I  limiti  di ciò che può essere stampato derivano dalla complessità del progetto su cui si intende lavorare. Una delle applicazioni della stampa 3d è la “bioprinting”, che sta cominciando a diffondersi nell'industria biofarmaceutica. La maggior parte degli impieghi industriali delle stampanti 3D utilizza la fibra di carbonio come materiale di partenza. Ci sono però esempi di utilizzo di questa tecnologia che si servono di materiali di origine organica per creare materiali biologicamente attivi o interattivi.

Lo scorso 19 giugno, Poietis, una società con sede a Pessac, in Francia, insieme a Prometheus, una divisione dello Skeletal Tissue Engineering di Leuven, in Belgio, ha annunciato di aver stipulato un accordo di ricerca collaborativa di due anni per sviluppare una tecnologia Bioprinting 3D di alta precisione legata ai Prodotti Medicinali di Terapia Avanzata (ATMP) per la rigenerazione ossea.

Prometheus si concentra sugli ATMP realizzati tramite ingegneria tissutale, focalizzandosi particolarmente sulla rigenerazione ossea.

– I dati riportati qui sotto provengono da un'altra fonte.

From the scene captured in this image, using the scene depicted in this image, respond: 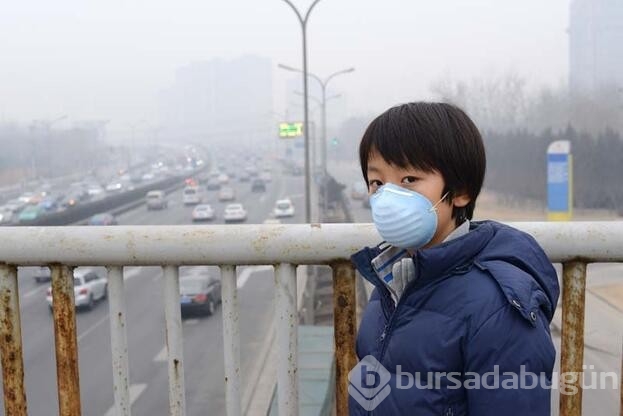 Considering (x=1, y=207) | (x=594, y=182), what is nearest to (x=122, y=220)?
(x=1, y=207)

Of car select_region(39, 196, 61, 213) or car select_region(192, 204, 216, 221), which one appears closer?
car select_region(39, 196, 61, 213)

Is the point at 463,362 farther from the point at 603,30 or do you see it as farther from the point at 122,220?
the point at 122,220

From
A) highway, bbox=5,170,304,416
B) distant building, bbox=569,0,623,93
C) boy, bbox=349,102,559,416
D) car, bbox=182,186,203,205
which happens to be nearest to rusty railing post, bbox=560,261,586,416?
boy, bbox=349,102,559,416

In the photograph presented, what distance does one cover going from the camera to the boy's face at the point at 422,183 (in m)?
1.35

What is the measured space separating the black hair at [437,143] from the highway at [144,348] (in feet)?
7.21

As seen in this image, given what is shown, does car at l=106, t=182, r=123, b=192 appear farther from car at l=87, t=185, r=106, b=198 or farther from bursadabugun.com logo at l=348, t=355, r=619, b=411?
bursadabugun.com logo at l=348, t=355, r=619, b=411

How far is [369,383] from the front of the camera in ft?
4.76

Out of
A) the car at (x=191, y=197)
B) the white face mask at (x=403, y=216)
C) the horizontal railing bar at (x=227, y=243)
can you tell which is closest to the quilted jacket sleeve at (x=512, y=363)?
the white face mask at (x=403, y=216)

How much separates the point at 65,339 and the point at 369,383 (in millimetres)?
833

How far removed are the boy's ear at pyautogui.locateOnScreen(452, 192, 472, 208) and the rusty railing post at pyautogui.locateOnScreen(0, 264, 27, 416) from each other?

Proietis si occupa dell'utilizzo della bio-stampa 3D per realizzare sospensioni cellulari organizzate in strutture ampie, soprattutto "la bio-stampa laser assistita di microaggregati multicellulari inseriti all'interno di 'bio-inchiostri' per la creazione di strutture cellulari composte a strati". Ciò che ne consegue è una collaborazione per "stampare" l'osso che può essere utilizzato in trapianti o altre applicazioni ortopediche, muscoloscheletriche o legate alla colonna vertebrale.